Once you’ve set up your flow with core.async for processing the data, do you expect any piece of that equation to need to change in response to the problem?

michaeldrogalis21:08:07

e.g. can the problem be asked a bit differently that would require you to process the data in a different way

ghadi21:08:58

not really. I can cache the list of candidate pairs, and treat them like a worklist

ghadi21:08:28

Also, if I find a novel way of getting more high quality candidate pairs, I can just extend & persist the set of candidate pairs

ghadi21:08:08

i haven't determined if i'm going to need to scale out to more than one machine because the pair matching algo isn't complete or measured

ghadi21:08:25

the hardest part is generating quality pairs

michaeldrogalis21:08:03

Ah.
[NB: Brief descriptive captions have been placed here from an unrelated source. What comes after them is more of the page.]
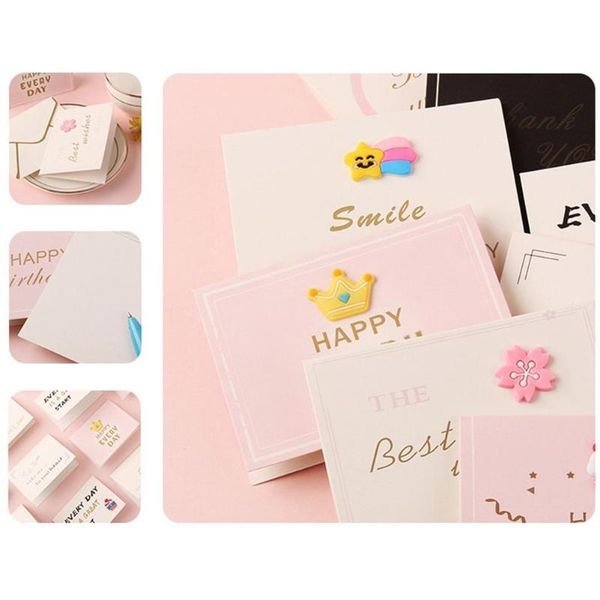 

1pc thank you card wishe greeting folding valentine's writable day invitation message wedding decor than f3y6 cards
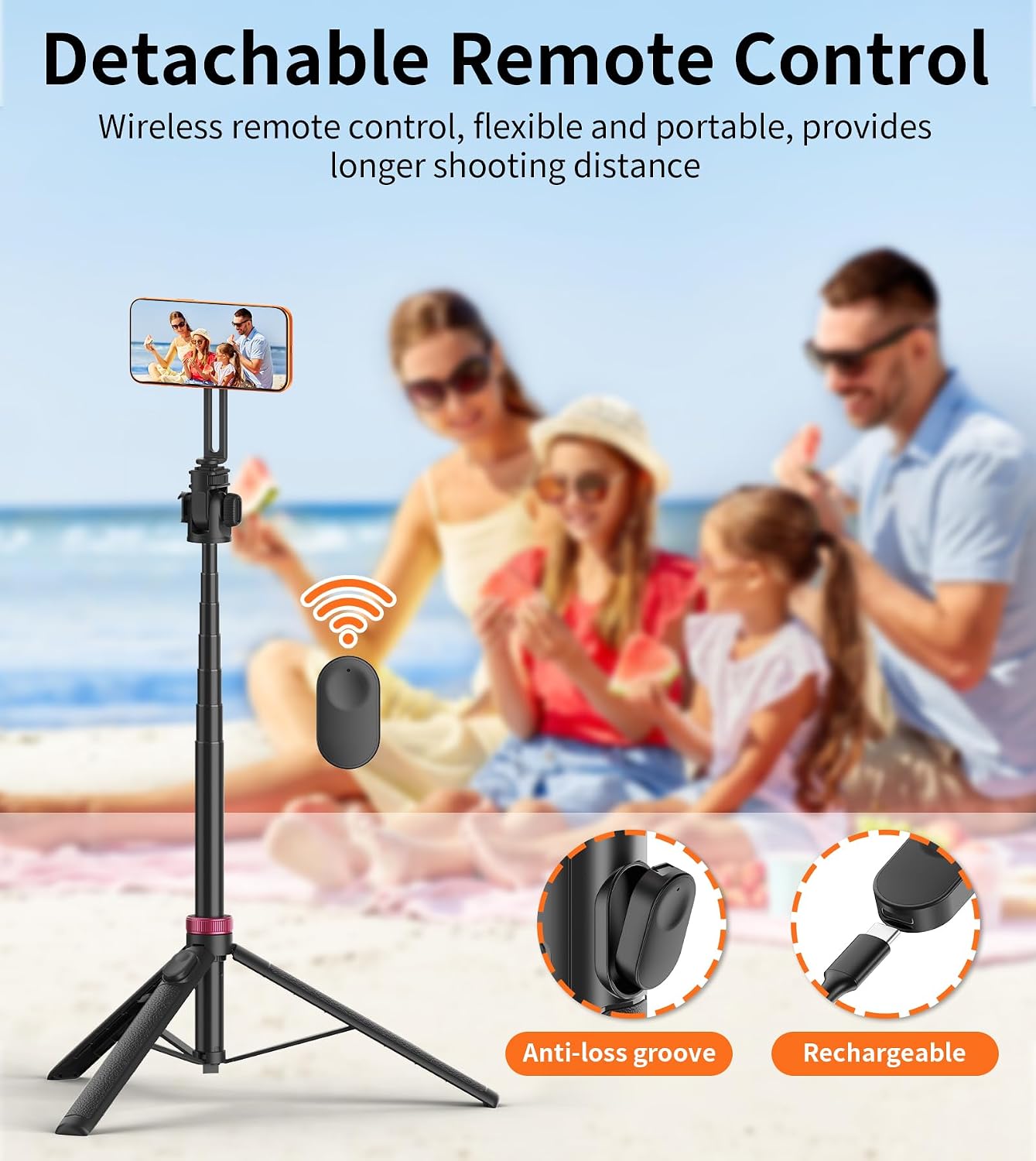 69-Inch Magnetic Phone Tripod With Rechargeable Remote encalife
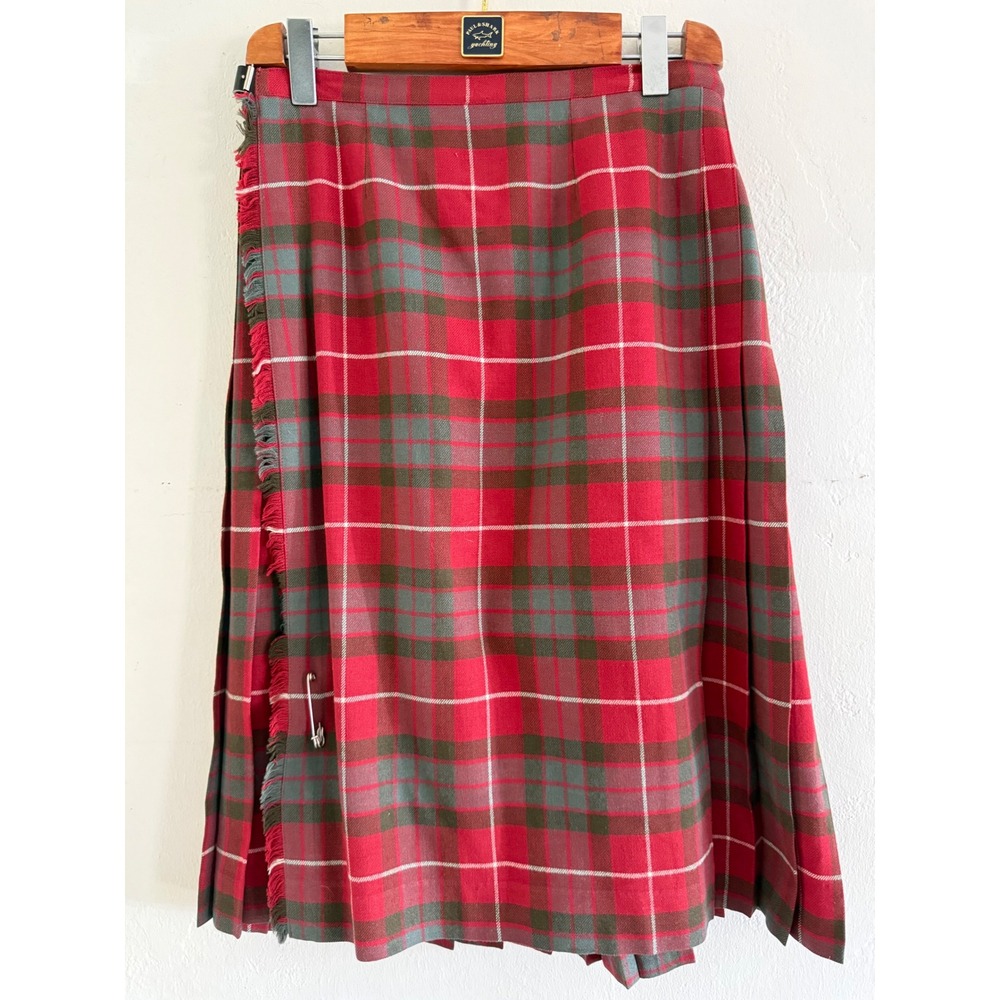 Lyle & Scott Vintage Scottish Red Tartan Plaid Wool Midi Kilt Skirt Scotland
I’d avoid Onyx or Spark until you know you need to distributed. local-rt might be an optimal middleground because you can use a proven abstraction, but avoid the distribution headaches until you need to make the investment.

lucasbradstreet21:08:58

Can easily become “and then you have n problems” 😄

ghadi21:08:22

sage advice. i hope i can win this competition with only clojure core libs and a few utility libraries for string similarity algos

michaeldrogalis21:08:03

Any interesting prizes?

ghadi21:08:00

only doing it b/c I used to work in clinical records wayyyyy back and have a bit of domain knowledge

ghadi21:08:08

that was before I could code tho

lucasbradstreet21:08:58

If you hit perf issues that don’t seem to be solvable with algorithms + performance optimisation, you can always run it on an 18 core ec2 spot instances and judiciously pmap first.

michaeldrogalis21:08:59

That’s pretty cool, sounds like a fun time.